Briefly: I think these two ideas are what Batholomae means by "the university." Nothing extraordinary, just sayin’.
p. 723: "[. . .] [W]e speak first, and then learn what we have said and whom we have become. By beginning and beginning again, attempting and being mistaken, the "I" defines a space it can occupy, long before the writer makes any conscious determinations about truth and falsity, consistency or inconsistency, understanding and misunderstanding."
First: I wonder why Spellmeyer enforces the binary between consistency/inconsistency when truth/falsity and understanding/misunderstanding both get paired contiguously; it seems at odds with the rest of his argument here.
Second: The whole "speak first, learn what we have said" structure seems to explicate nicely my own suggested essay model from a few posts back. I think, too, that Erica’s essay later in Spellmeyer works in much the same way my proposed model might. Something for me to look for: does this model hold true for the essays that the assigned readings hold up as quality student work? If so, does that in itself mean the model is viable? Or is it merely an extrapolation from a technique that produces worthy results?

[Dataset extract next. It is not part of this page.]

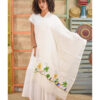 White Embroidered Linen Shawl handmade in Egypt & available at Jozee Boutique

p. 726: "[. . .] [T]he last three sentences above might be seen as contradicting everything that comes before them in a passage opening with [an] unqualified assertion [. . . .]"

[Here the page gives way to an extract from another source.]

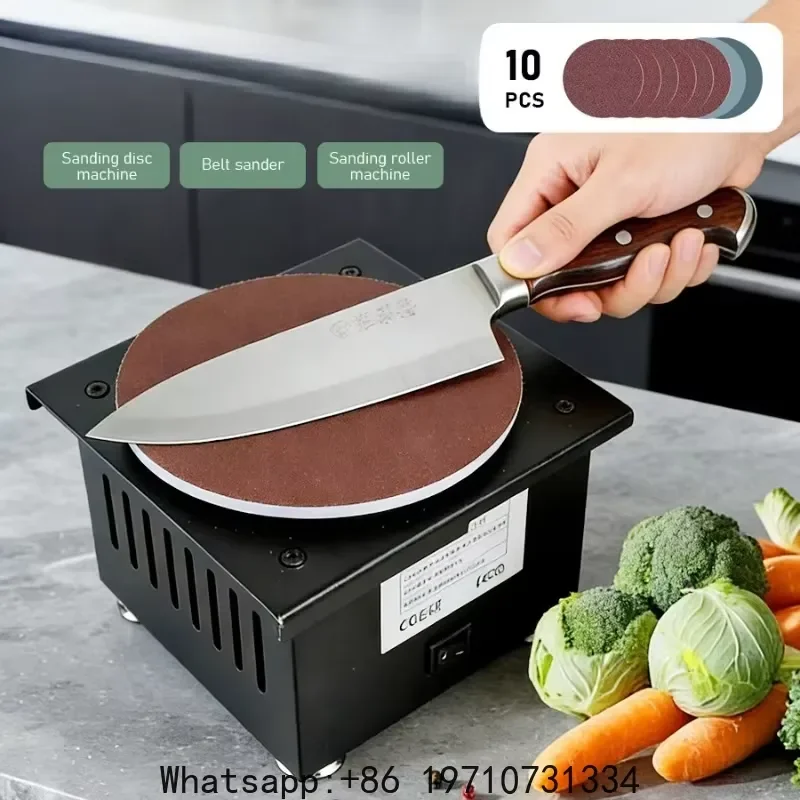 for Mini Electric Belt Sander Benchtop Grinder Polisher High Speed Disc Tool Knife Sharpener Blade Opener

I read this sentence and asked myself: reading Erica’s essay, would I see the logical continuity in her essay, or would I read the "contradiction" and not see its connection to the rest of the response? This goes to the ongoing discussion that Jeff and I have had via comments to my Bartholomae response. Would I assume Erica made a mistake, penalize her for it, and then risk losing insightful, probing responses like the one Spellmeyer offers us? I did not, in fact, read this as a contradiction since, as Spellmeyer notes, it is a contradiction that comes naturally out of her analytic method. But if her paper were 15th in a stack of 30, would I see it?

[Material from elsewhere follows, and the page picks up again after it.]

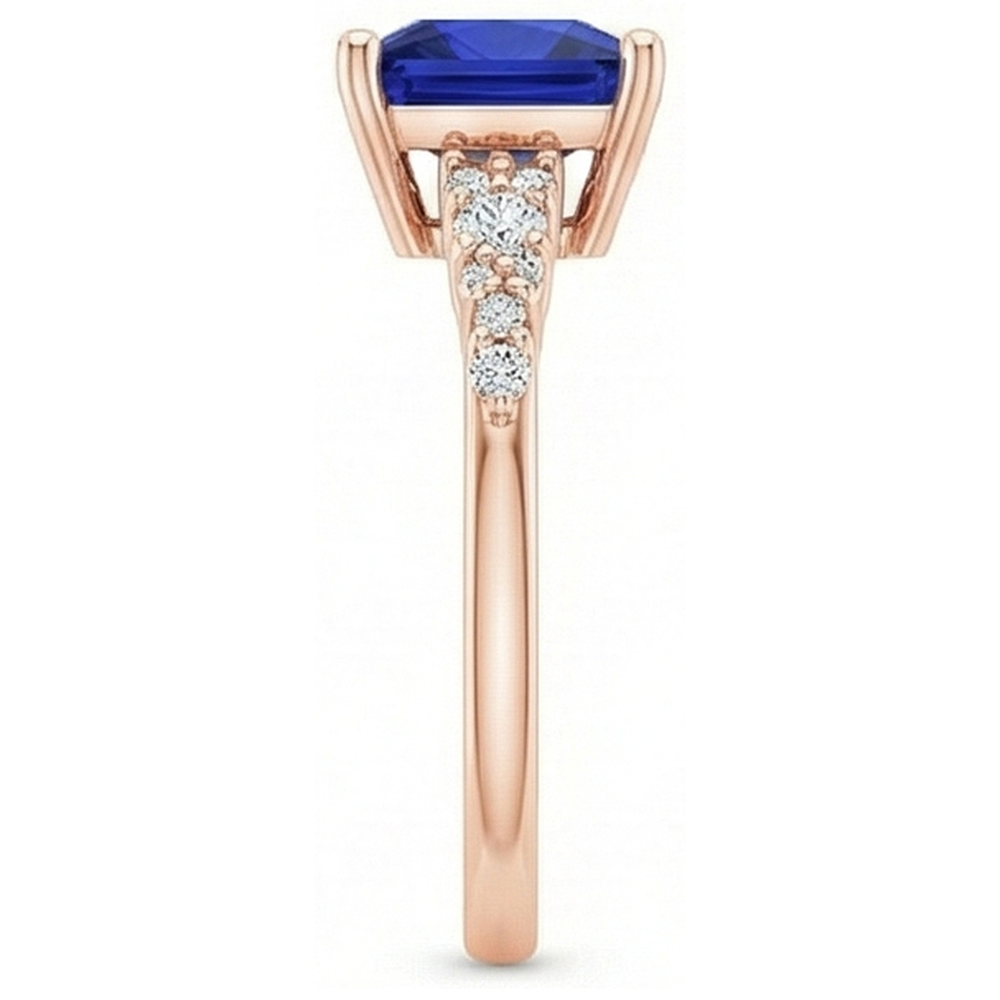 Schmuck 14 Karat Roségold mit Kornblumenblauer Saphir – Profilansicht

p. 727: "[. . .] [E]very form of discourse [. . .] discloses retrospectively, and only retrospectively, the transformation of a game of truth."
I read as follows: Why ask a question to which you already know the answer? It seems there is no quicker way to limit the possbilities of discourse than to limit its outcomes to a pre-ordained statement.


“Why ask a question to which you already know the answer?”
Huh, isn’t that what Plato, via Socrates, does all the time?
Comment by Jill — 25 September, 2006 @ 11:04 pm
Yeah, that’s why I don’t model my pedagogy on some flippin’ Greek pederasts that have been dust for three millennia.